2015 saw a change in the way we operate. Because capture devices are becoming smaller and less conspicuous, and because TV channels are starting to realise that engaging content is more valuable than just amazing technical quality footage I decided that we should “lighten up” and start using gear that was faster to set up, much less noticeable, and allowed more motion in the footage.
Struggling around icy slopes with the Bobsleigh team carrying heavy bulky cameras will now be a distant memory. Our systems are now modular, so I can adjust the size of the rig according to the needs. I can fit 2 cameras, lenses, batteries etc into a small rucksack that I can take as hand luggage on a plane.

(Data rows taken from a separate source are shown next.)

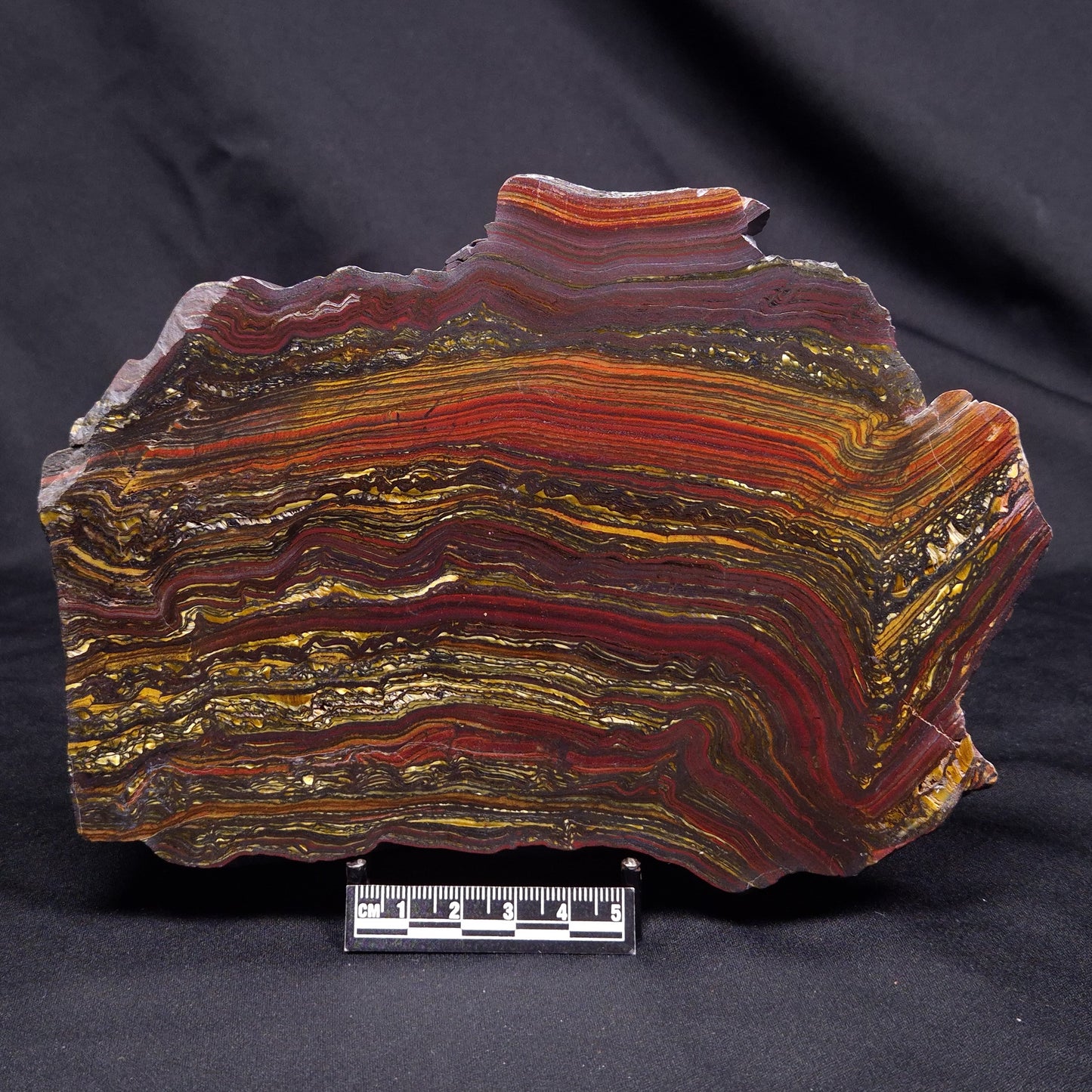 BANDED TIGER IRON MICROBIALITE, Archean, Australia ZBI074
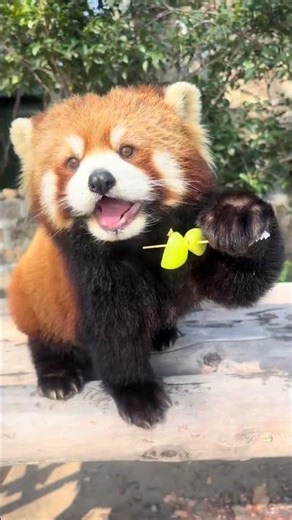 MAO MAO's Sweet Adventure with Nature's Delight! 🐾 RedPanda WildEncounter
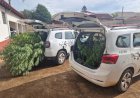 Plantação de maconha de grande porte é descoberta em Itapuí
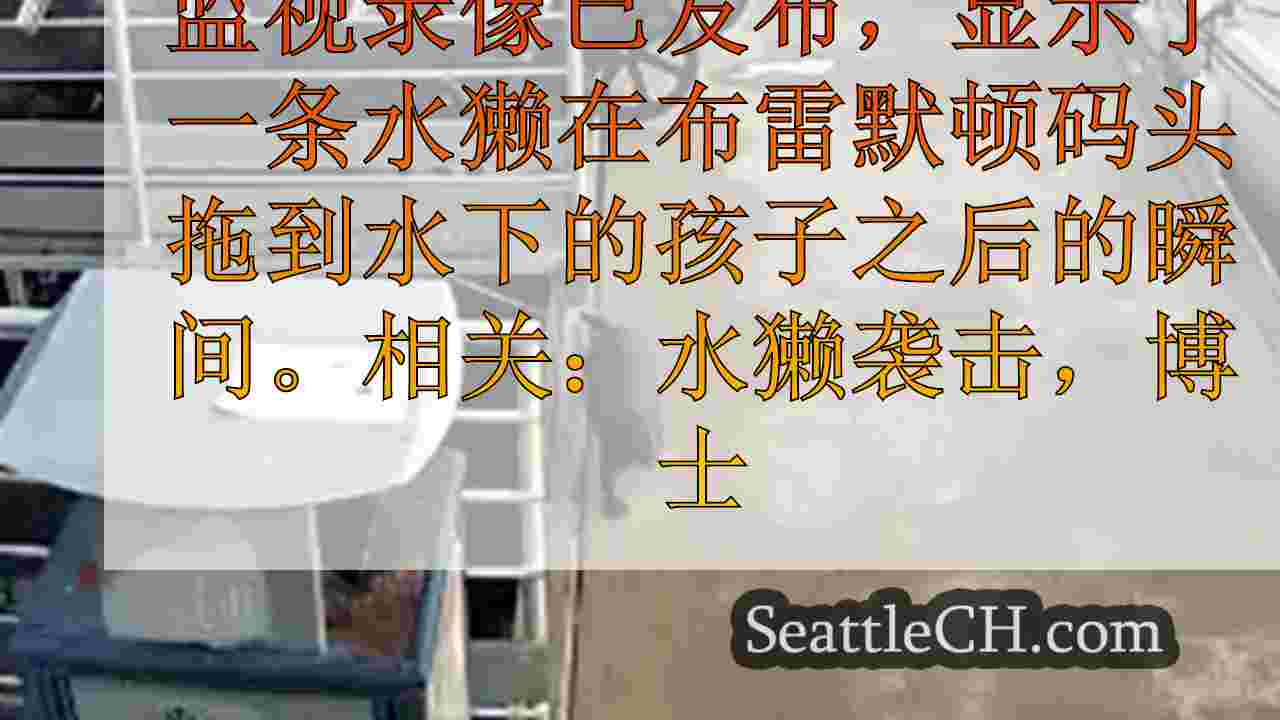 西雅图新闻 SeattleCH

This reduces the risk of any breakages and means even if the main bag gets delayed/lost, I can still do the job.
We have also moved to 4K. Whilst this may seem like overkill at the moment, being able to crop in post and move the footage round, plus that level of detail for chroma-key has streamlined many of our jobs.
Computers are at a level now where they easily handle the footage (even laptops) and so the days of making proxies for editing most of our videos are over. We are not shooting RAW yet as I am hugely impressed with the grading potential that ProRes and DNxHR has, and they both go to crazy bitrates for 4K. I appreciate the benefits of RAW, and when we get the next storage size breakthrough I am sure that will become the norm, but right now I cannot offload that cost onto my current customer base. I guess it’s dependent on the market you serve.
I really like the whole guerrilla movie making concept. Over the years I have learnt that ultimately as long as the camera is half decent you will get a usable result – what is NOT fixable is bad acting/lighting/script – and this is where I would focus the budget. Some actors are so good you could have a static GoPro shot of them, and it would still be engaging.
Some 2015 takeaways are:
- If your film is for marketing, shorter more frequently updated videos can be more effective than a huge masterpiece that stays unchanged for years. This need not cost any more if it is planned correctly.
- Keep some budget for marketing – no good having the worlds greatest video if no-one can find it!
- Keep everything relevant to your audience – there are videos on YouTube over an hour in length with millions of views. This is because the content is highly relevant to the viewer.
- Be ruthless in the method you display information – don’t get emotional: if film is efficient, use it. If CGI is efficient, likewise, and also photos, text, drawings, animation etc.
- Design your projects in a way they can be easily updated.
- Try not to communicate with your clients re edits via email. Either use an editing hosting platform, or have a shared spreadsheet that you can all access – keep the communication in 1 place with an auditable trail!